▶ **Problem to solve**:
Once you reach the line with "アールディ アイ ネイル(ARDY EYE NAIL)/nuance design", copy it and every line after it exactly, up to the end of the data. Omit the pictures.

▶ **Record extracts**:
····················

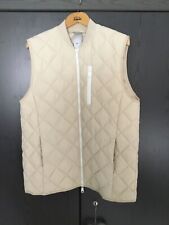 Schöne steppweste beige gebraucht kaufen  München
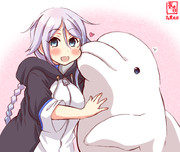 わんどろイルカとうみちゃん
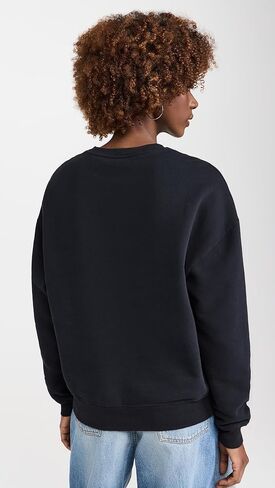 KULE Women's The Oversized Brooklyn Sweatshirt in Kuwait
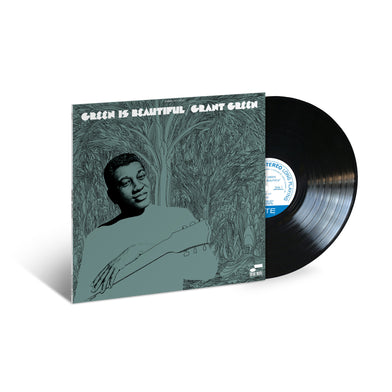 Grant Green - Green Is Beautiful LP (Blue Note Classic Vinyl Series) LP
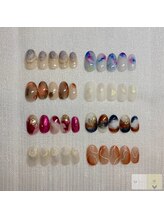 アールディ アイ ネイル(ARDY EYE NAIL)/nuance design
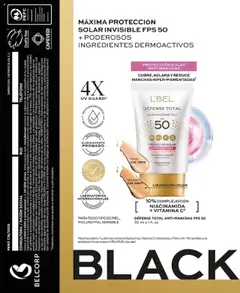 Vista previa de Campaña 16 de la tienda L'Bel válido desde 03/10/2025 | Página : 94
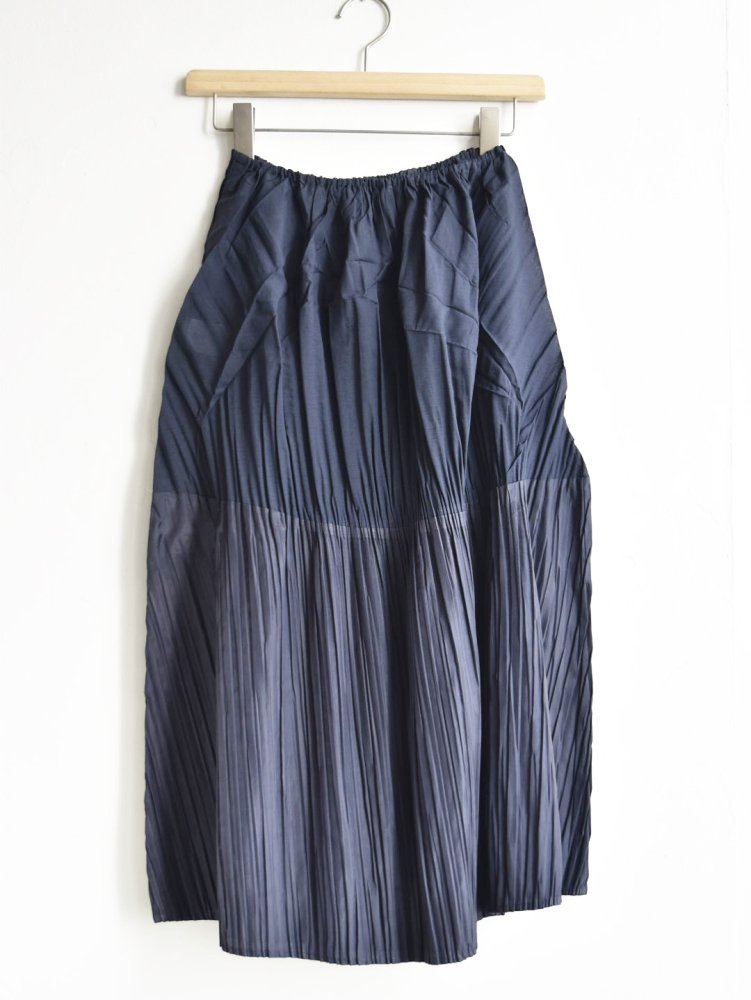 tight&pleats 2WAY skirt| NAVY.WO ネイビーウォ公式オンライン通販サイト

····················

▶ **Solution below**:
 アールディ アイ ネイル(ARDY EYE NAIL)/nuance design
 Vista previa de Campaña 16 de la tienda L'Bel válido desde 03/10/2025 | Página : 94
 tight&pleats 2WAY skirt| NAVY.WO ネイビーウォ公式オンライン通販サイト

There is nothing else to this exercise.